CLOUDS AND MIST

Celluloid scenes we remember

Butch Cassidy and the Sundance Kid Butch Cassidy and the Sundance Kid

Mughal-E-Azam Mughal-E-Azam

There are certain scenes from the old movies you cannot quite forget, for they once served as defining moments in your life. Remember Rex Harrison and Audrey Hepburn in My Fair Lady? As Professor Higgins, Harrison found it arduous yet challenging to remould Hepburn into a respectable lady on the social circuit. His exasperation at certain points in the story is what you remember. He asks plaintively, “Why, O why can't a woman be more like a man?” It is the natural in the acting that takes your fancy. And Hepburn? Recall her protestations as she is being prepared for a good bath by the maids at the Higgins' residence: “I am a good girl, I am!”
In the old days, love scenes in the movies were not blatant, brazen affairs. There was something of the sedate in the meeting of man and woman, with the passion of romance shining through the expressions the on-screen lovers brought to bear on their circumstances. In Mughal-e-Azam, a terrifically beautiful Madhubala goes through a noticeable tremor (you read it all over her face) when Dilip Kumar softly runs a peacock feather across her cheek. Thus does passion unite a man and a woman. Love is all, in its loud silences.
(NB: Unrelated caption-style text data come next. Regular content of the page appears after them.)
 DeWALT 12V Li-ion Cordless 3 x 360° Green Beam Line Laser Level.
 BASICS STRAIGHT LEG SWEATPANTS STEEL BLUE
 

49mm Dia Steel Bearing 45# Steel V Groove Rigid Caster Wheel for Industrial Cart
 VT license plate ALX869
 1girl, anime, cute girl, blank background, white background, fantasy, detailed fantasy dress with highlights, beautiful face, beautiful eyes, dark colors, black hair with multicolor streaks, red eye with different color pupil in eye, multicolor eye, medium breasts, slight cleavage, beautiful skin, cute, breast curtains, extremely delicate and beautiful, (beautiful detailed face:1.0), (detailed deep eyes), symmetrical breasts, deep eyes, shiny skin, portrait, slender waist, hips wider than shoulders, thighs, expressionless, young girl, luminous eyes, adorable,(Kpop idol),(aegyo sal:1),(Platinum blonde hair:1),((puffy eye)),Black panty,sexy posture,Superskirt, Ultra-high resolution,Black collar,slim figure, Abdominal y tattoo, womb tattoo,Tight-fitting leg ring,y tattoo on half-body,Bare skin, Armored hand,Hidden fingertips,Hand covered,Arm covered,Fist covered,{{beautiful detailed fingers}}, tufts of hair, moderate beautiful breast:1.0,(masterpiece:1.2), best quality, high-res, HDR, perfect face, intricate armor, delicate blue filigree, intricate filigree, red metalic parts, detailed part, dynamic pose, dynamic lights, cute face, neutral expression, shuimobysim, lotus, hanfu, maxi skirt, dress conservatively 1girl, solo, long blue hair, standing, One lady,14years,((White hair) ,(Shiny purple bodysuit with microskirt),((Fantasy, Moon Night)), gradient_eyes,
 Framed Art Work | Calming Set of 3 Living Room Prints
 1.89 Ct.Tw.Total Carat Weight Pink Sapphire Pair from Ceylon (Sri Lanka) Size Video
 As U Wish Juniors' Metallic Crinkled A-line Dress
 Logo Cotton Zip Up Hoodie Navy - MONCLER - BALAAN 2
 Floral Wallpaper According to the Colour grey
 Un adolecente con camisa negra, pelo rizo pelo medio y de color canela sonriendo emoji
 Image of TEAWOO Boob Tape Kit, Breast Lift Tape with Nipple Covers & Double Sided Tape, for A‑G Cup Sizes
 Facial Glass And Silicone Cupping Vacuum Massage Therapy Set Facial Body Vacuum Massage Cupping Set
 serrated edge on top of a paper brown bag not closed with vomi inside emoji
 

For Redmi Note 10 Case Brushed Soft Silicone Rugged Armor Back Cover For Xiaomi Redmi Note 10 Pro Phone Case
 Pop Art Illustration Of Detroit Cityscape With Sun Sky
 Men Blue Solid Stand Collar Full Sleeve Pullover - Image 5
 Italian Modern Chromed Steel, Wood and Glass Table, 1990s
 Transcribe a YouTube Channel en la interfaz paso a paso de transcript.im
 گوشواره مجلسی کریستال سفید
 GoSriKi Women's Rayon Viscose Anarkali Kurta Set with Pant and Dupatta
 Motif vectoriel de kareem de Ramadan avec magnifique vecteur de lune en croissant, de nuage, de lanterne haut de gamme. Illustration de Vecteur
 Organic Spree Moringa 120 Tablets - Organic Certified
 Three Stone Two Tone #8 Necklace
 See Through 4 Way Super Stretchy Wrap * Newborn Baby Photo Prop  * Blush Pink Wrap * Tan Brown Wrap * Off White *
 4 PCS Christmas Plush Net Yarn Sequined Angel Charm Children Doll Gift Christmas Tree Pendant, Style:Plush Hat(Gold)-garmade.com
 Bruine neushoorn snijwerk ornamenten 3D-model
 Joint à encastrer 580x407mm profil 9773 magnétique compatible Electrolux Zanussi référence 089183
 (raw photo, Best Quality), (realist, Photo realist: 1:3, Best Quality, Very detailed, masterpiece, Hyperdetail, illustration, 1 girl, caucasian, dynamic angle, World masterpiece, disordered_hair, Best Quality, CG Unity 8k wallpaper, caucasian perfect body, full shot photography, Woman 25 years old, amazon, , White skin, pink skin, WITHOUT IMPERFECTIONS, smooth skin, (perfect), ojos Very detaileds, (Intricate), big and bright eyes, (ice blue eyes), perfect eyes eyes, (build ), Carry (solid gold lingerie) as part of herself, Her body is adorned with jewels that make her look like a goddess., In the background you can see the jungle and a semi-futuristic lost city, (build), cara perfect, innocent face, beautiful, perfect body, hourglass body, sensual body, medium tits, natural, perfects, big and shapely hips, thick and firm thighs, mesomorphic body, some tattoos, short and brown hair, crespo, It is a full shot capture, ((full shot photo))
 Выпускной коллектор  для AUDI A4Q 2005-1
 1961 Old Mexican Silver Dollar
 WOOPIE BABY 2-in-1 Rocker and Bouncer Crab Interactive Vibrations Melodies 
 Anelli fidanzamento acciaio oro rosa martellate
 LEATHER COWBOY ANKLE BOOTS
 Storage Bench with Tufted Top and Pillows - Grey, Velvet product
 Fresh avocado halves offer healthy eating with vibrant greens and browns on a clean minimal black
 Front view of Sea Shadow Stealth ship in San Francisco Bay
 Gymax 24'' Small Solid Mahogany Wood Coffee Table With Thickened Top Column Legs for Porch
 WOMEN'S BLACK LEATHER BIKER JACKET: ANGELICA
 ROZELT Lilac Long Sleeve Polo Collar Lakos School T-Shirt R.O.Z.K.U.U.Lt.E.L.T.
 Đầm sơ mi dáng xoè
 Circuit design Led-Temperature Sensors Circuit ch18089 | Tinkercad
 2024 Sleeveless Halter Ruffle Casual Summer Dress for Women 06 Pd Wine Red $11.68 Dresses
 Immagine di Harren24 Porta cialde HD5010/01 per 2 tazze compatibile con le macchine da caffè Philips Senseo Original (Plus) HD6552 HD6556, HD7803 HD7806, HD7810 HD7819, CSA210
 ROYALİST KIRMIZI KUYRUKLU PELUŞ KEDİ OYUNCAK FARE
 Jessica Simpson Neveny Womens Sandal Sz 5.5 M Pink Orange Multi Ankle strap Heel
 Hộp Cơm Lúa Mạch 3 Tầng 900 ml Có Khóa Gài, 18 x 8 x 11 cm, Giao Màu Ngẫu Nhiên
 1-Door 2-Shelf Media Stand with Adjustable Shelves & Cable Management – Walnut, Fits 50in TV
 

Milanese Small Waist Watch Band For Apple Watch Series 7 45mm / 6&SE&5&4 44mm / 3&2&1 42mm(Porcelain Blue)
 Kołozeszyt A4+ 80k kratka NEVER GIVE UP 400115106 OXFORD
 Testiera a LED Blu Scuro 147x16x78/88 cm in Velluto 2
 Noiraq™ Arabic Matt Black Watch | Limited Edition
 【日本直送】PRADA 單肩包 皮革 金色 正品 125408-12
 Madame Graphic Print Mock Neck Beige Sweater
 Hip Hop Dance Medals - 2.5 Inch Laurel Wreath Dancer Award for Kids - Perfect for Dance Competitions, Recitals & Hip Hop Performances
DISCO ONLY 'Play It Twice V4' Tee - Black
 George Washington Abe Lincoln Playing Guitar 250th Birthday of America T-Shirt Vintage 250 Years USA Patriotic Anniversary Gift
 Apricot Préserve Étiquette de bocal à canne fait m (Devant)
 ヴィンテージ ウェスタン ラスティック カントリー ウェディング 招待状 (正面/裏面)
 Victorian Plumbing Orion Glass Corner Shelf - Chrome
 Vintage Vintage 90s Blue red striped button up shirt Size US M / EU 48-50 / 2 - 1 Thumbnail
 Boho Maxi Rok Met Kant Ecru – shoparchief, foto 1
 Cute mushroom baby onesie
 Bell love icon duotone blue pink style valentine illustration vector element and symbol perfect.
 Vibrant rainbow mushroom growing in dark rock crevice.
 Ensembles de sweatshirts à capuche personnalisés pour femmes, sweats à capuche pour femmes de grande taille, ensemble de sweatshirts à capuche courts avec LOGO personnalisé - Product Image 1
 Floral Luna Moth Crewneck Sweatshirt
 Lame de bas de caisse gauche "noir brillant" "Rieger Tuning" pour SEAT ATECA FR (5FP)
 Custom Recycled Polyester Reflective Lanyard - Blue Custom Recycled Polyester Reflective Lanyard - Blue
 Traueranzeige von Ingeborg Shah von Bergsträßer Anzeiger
From Here to Eternity From Here to Eternity

Those of us who remember the BJ Thomas song, Raindrops Keep Falling On My Head, in the movie Butch Cassidy and the Sundance Kid will instantly go back to that heart-warming image of Paul Newman and Katharine Ross on a bicycle as the latter serenades her with the song. That song, more than anything else, is a broad hint that even in a world of banalities, the strings of the heart can and do break into soothing melody in the strangest of moments. But the heart truly cracks when you think of Altaf, in the character of a crippled young man forced to earn a living for his family, selling newspapers on the street through breaking into song. Tumi ki dekhechho kobhu / jiboner porajoy is for many of us a story of ourselves. In Ato Tuku Asha, Abdul Jabbar does a fantastic job of having the song sink into our being. It has proved to be timeless.
Songs portray high romance. So does the sea. On the beach, acting out their roles in the movie From Here to Eternity, Burt Lancaster and Deborah Kerr bequeath to the world a kiss of memorable note, one that has remained unsurpassed through the decades. Not even the passion ignited in Sophia Loren and Marcello Mastroianni for each other in Sunflower can equal what Lancaster and Kerr do by the sea, amid those rolling waves.